Agave parryi var. parryi is a squat succulent that is ideal for collectors who love container gardens filled with interesting succulents. It is slow-growing, but is a lovely dwarf agave with grey-green to steel-blue, broad fleshy leaves that end in sharp black thorns. This plant is extremely waterwise and fairly hardy, but in very cold areas it should be protected in winter. A parryi var. parryi is not always available, but is well worth the search.


Sedums range from annuals, creeping herbs and ground covers, to shrubs. It is a large genus which has one very important common characteristic – the water-storing capabilities of its leaves. Most Sedums thrive in pots.
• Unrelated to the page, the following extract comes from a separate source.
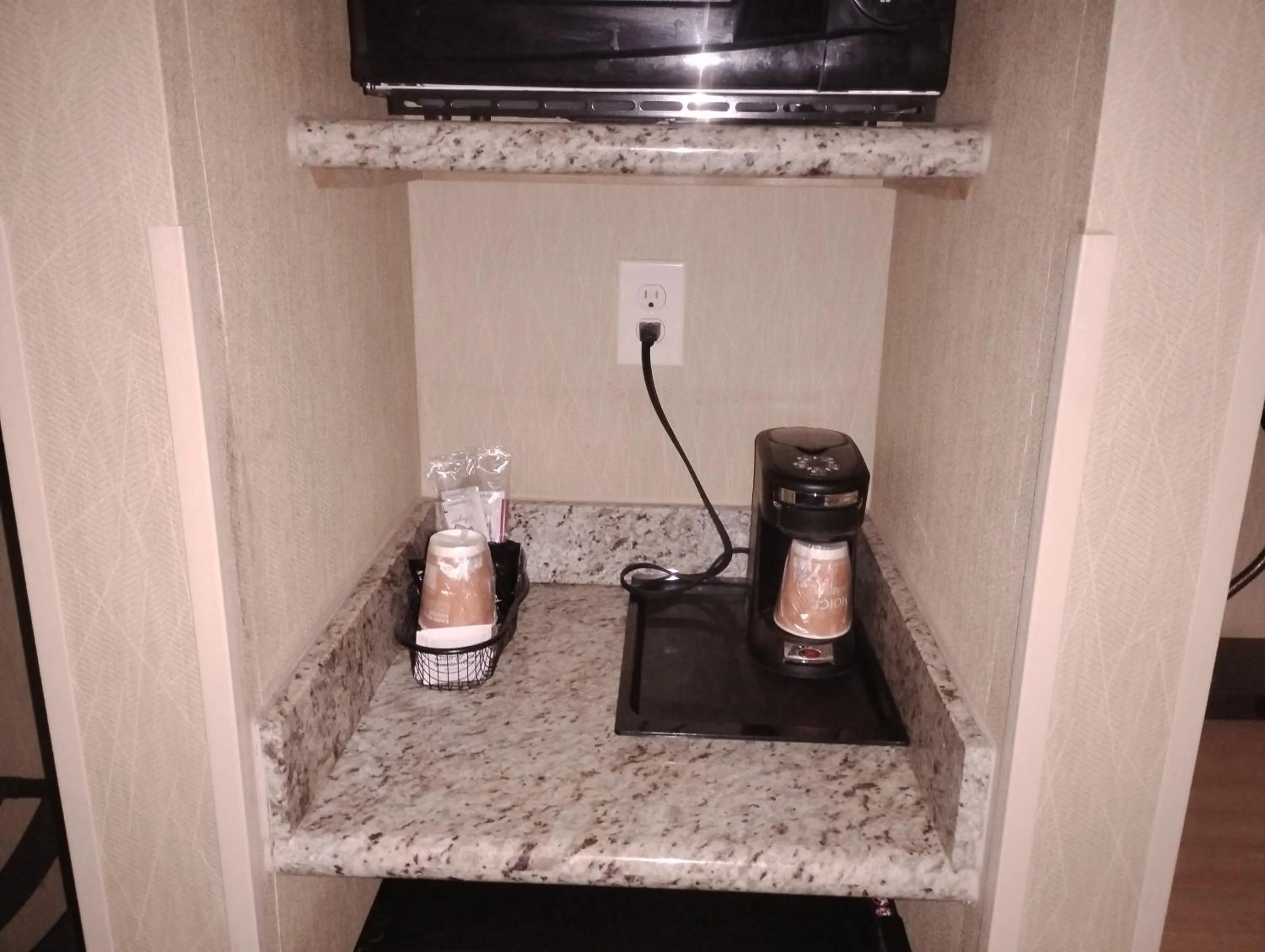 Coffee/tea facilities in Quality Inn Deming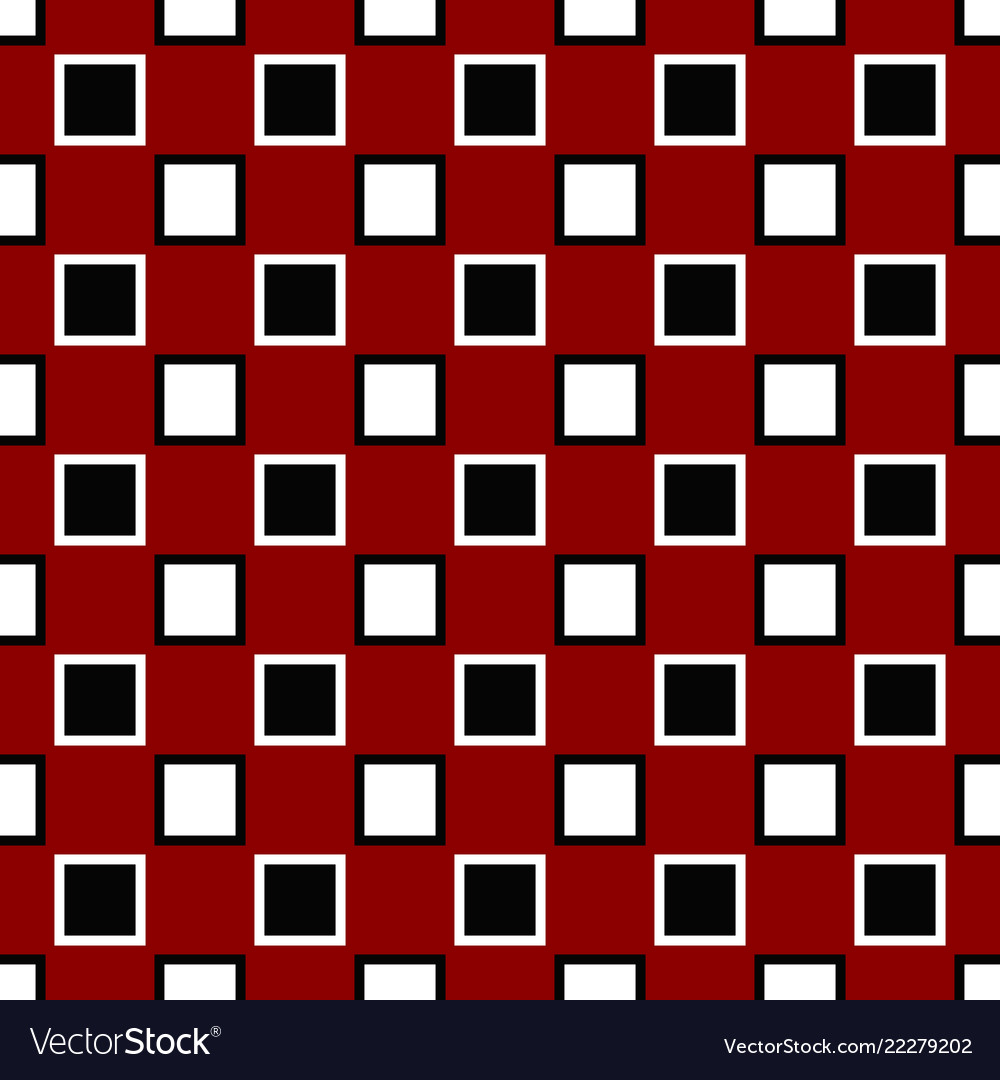 Abstract seamless pattern - square background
Sedum nussbaumerianum is an exotic species from Mexico, with unusual, copper-coloured rosettes on slender spreading stems. It is a lovely plant on its own or mixed with other sun lovers in a pot. Small star-shaped white flowers with a soft fragrance are produced in late winter to spring. The plant can easily by propagated by leaf or stem cuttings and is well worth planting as a groundcover in sunny rock gardens.

Good to know

  • If you are looking for a tough plant to fill hanging baskets, then use this sedum.
  • They grow in partial shade or full sun.

Hot Tips

Attractive containers holding one specimen plant, or a good combination of complementary plants, make strong focal points and should be displayed to their best advantage:

  • Group more than one pot of the same design together.
  • Pots in pairs or rows, planted up with the same plants, make a dramatic impact.
  • Ordinary terracotta clay pots, 30cm x 27cm, look great if placed along steps or on the ledge of a wall, fountain or raised water feature. They are also big enough to allow lush growth for succulents like Echeverias or small Aloes.
  • You can plant a small, compact plant with a shallow root system – like a dwarf Aloe – in tall, narrow pots. To save on potting soil, place a few rocks in the bottom of the pot, add a layer of broken polystyrene pieces, other packaging material or empty plastic bottles and only fill the top half with potting soil.

Planting Basics

  • Make sure all containers have wide-open drainage holes or you can lose plants as a result of rotting in water-logged soil.
  • Clean all used pots with a disinfectant to prevent the transfer of root diseases to new specimens.
  • Never use ordinary garden soil. Buy good quality potting soil for non-succulent plants like bougainvilleas and a commercial succulent medium for aloes and other succulents. Add some bone meal to the potting soil to encourage strong root systems.
  • Remember that the soil for container plants will gradually be leached of minerals and nutrients and even the toughest plants need to be fed occasionally. Mulching all containers with a fresh layer of compost and feeding the plants regularly in summer with a water-soluble fertiliser can do no harm.